“DO NOT INGEST WARNING”
Those four words, all in capitals, were supposed to be sent out to every home affected by the Sandy water crisis on Feb. 8, when the city first warned residents in fifty homes that their water supply may be tainted with what we now know was a toxic level of fluoride.
The Department of Environment Quality (DEQ), when it was first notified of the water contamination, sent an e-mail to Director Tom Ward and his Sandy City Public Utilities team instructing them that they had 24 hours to notify residents of the contamination. DEQ Director Marie Owens had provided Sandy City with her own draft of the notice.
In bold letters, she’d warned: “This language is mandatory.”

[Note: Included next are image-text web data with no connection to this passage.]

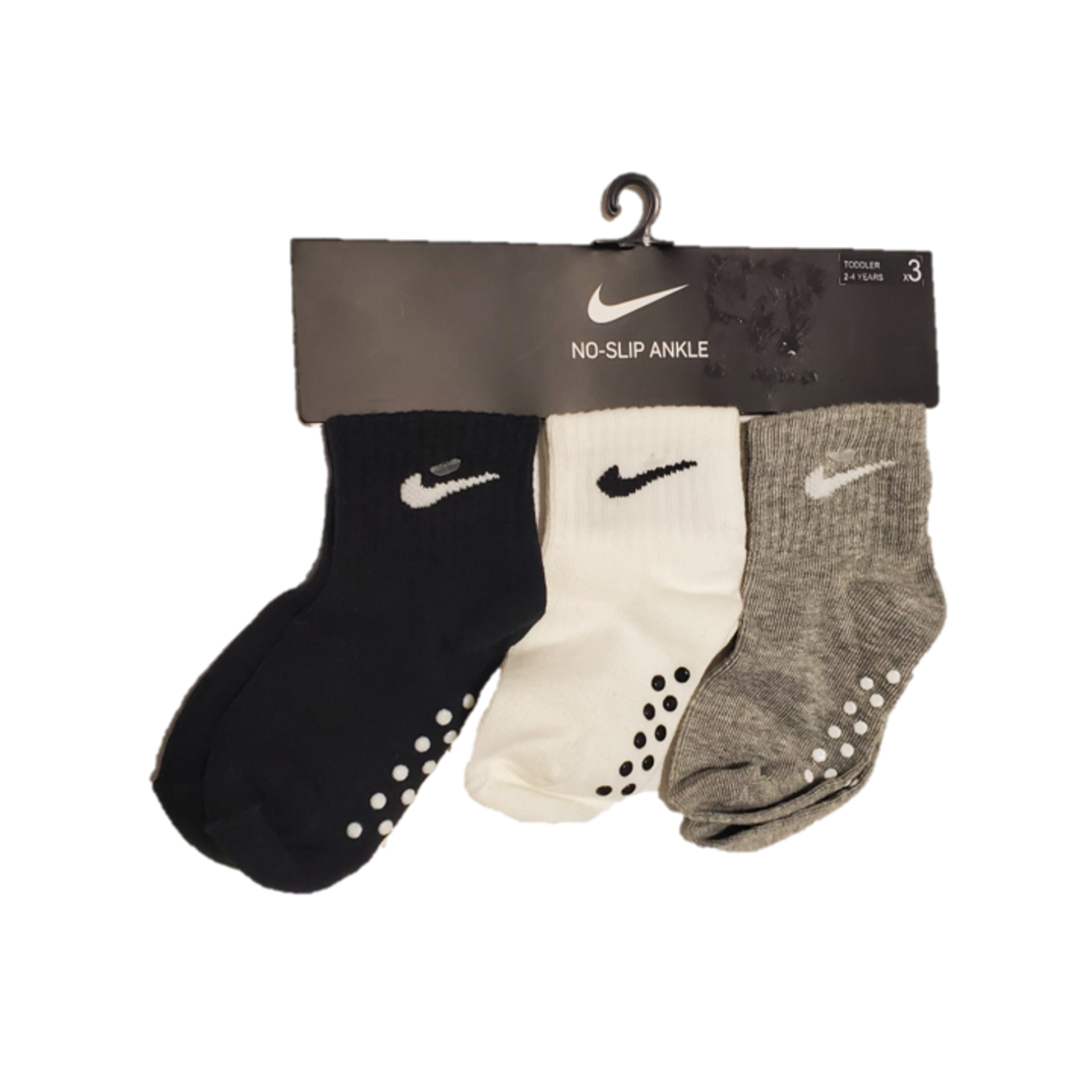 מארז 3 זוגות גרביים NIKE אפור לבן שחור מידה 2-4 שנים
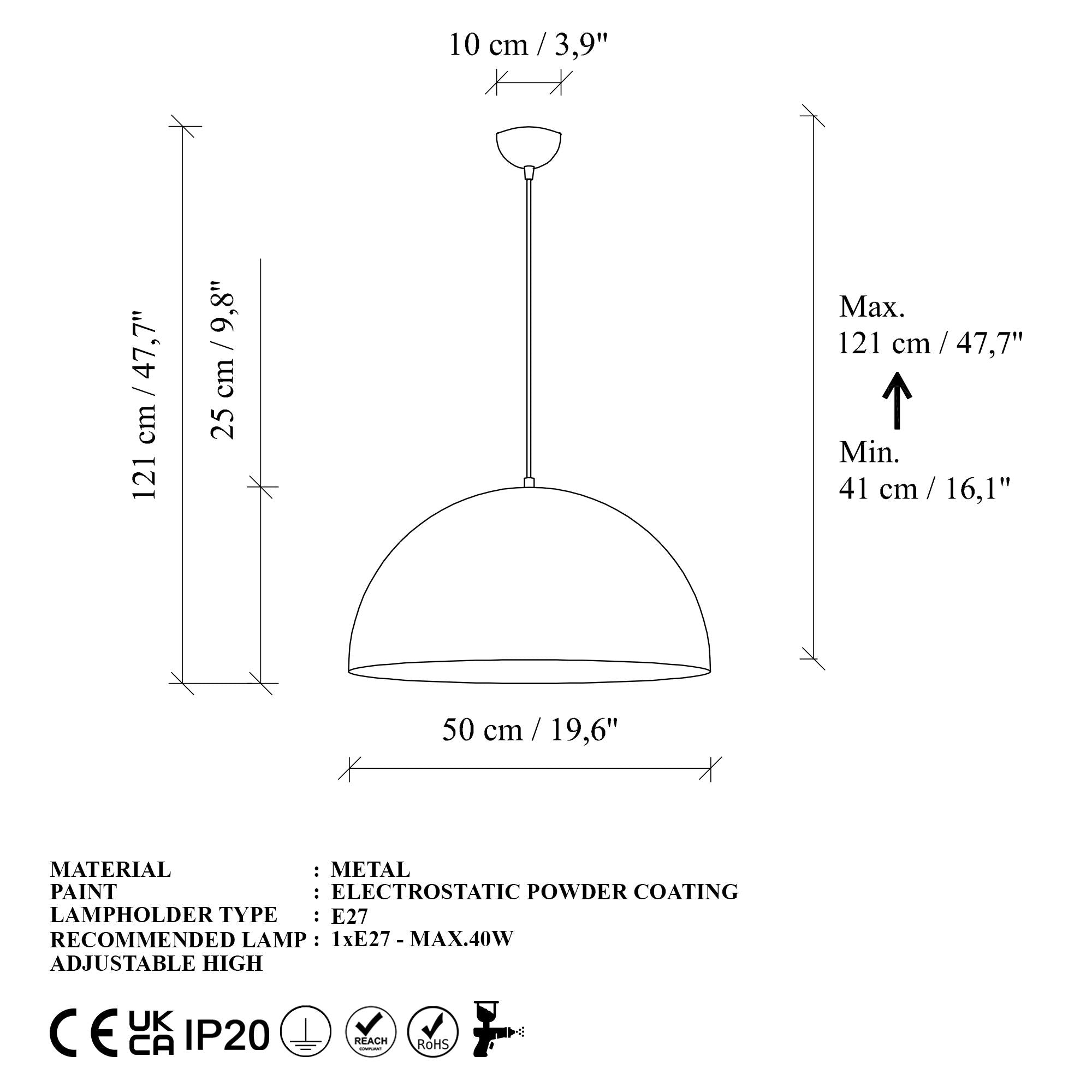 Küre 50 MR 723 1 Sıvama Sarkıt Aydınlatma | ByLamp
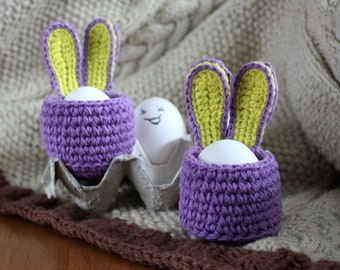 Bunny egg holder, egg cosy, crochet egg cosy, egg warmer, egg holder, kitchen decor, bunny Easter decor, Easter table decoration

But the letter that Sandy City sent out that day didn’t say “DO NOT INGEST”; nor did it contain the warning, included in the DEQ’s draft, that would have told residents that the contaminated water could corrode their pipes.

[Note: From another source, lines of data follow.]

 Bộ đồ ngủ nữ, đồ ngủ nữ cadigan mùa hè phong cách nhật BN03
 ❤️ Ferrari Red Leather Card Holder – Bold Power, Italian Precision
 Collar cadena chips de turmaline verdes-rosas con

That decision has been one of the greatest controversies in the wake of the water crisis; in fact, it’s cited as one of the city’s failings in the administrative order the DEQ issued against the city on Thursday.
So far, Sandy City has taken most of the blame for this decision.
New evidence uncovered by KSL through GRAMA, Utah’s public records law, however, shows that members of the DEQ and the Salt Lake County Health Department were sent copies of the changed notice, with “DO NOT INGEST” removed, before it was finalized.
Who changed the DEQ’s notice?
Tom Ward has taken most of the heat for the Sandy Water Crisis. So far, he is the only person involved to have suffered direct consequences, having been placed on administrative leave while it is investigated.
In an interview with KUTV, however, Ward claimed that the decision to tone down the notice wasn’t the city’s alone. Instead, he said, it was the result of collaboration between the city, the state and the health department.
That would imply that the DEQ was involved in the decision, something Owens has directly denied. In an interview with KSL Newsradio’s Dave & Dujanovic, she claimed that she was not informed that the notice she sent the city had been changed.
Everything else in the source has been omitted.